[Records from a data collection]
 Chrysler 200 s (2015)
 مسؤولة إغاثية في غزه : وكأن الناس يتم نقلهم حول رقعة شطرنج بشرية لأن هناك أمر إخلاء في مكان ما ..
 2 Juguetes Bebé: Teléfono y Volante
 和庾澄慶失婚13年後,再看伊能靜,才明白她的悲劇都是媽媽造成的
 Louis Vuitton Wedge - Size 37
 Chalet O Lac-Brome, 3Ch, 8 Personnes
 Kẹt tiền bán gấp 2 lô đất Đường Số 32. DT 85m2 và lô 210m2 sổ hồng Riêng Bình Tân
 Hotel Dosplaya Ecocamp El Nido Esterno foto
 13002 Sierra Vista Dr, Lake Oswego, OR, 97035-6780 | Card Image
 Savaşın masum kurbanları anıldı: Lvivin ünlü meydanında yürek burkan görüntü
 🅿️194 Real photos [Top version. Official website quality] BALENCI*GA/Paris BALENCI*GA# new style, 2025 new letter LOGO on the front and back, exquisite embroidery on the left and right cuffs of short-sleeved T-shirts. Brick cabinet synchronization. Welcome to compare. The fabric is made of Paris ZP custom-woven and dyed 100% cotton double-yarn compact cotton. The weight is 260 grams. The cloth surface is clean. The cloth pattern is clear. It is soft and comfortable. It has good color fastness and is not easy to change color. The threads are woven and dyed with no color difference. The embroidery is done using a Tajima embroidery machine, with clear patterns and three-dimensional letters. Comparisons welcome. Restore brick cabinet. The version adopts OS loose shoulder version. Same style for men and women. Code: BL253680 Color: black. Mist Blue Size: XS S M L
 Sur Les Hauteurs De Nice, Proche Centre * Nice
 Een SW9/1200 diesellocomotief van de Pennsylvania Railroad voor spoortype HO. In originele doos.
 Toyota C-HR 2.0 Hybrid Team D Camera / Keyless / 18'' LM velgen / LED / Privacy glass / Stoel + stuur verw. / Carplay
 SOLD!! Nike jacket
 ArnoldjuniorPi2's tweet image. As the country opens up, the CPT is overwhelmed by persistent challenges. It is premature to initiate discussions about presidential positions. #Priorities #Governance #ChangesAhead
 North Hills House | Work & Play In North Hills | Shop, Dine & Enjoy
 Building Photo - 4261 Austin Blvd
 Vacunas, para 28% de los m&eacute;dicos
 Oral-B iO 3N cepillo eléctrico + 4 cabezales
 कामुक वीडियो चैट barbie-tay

EXERCISE DIRECTIONS>
Output the lines from the one with "Oral-B iO 3N cepillo eléctrico + 4 cabezales" to the final line of the entries above, exactly as they stand, please, and nothing else.

ANSWER TO THIS EXERCISE>
 Oral-B iO 3N cepillo eléctrico + 4 cabezales
 कामुक वीडियो चैट barbie-tay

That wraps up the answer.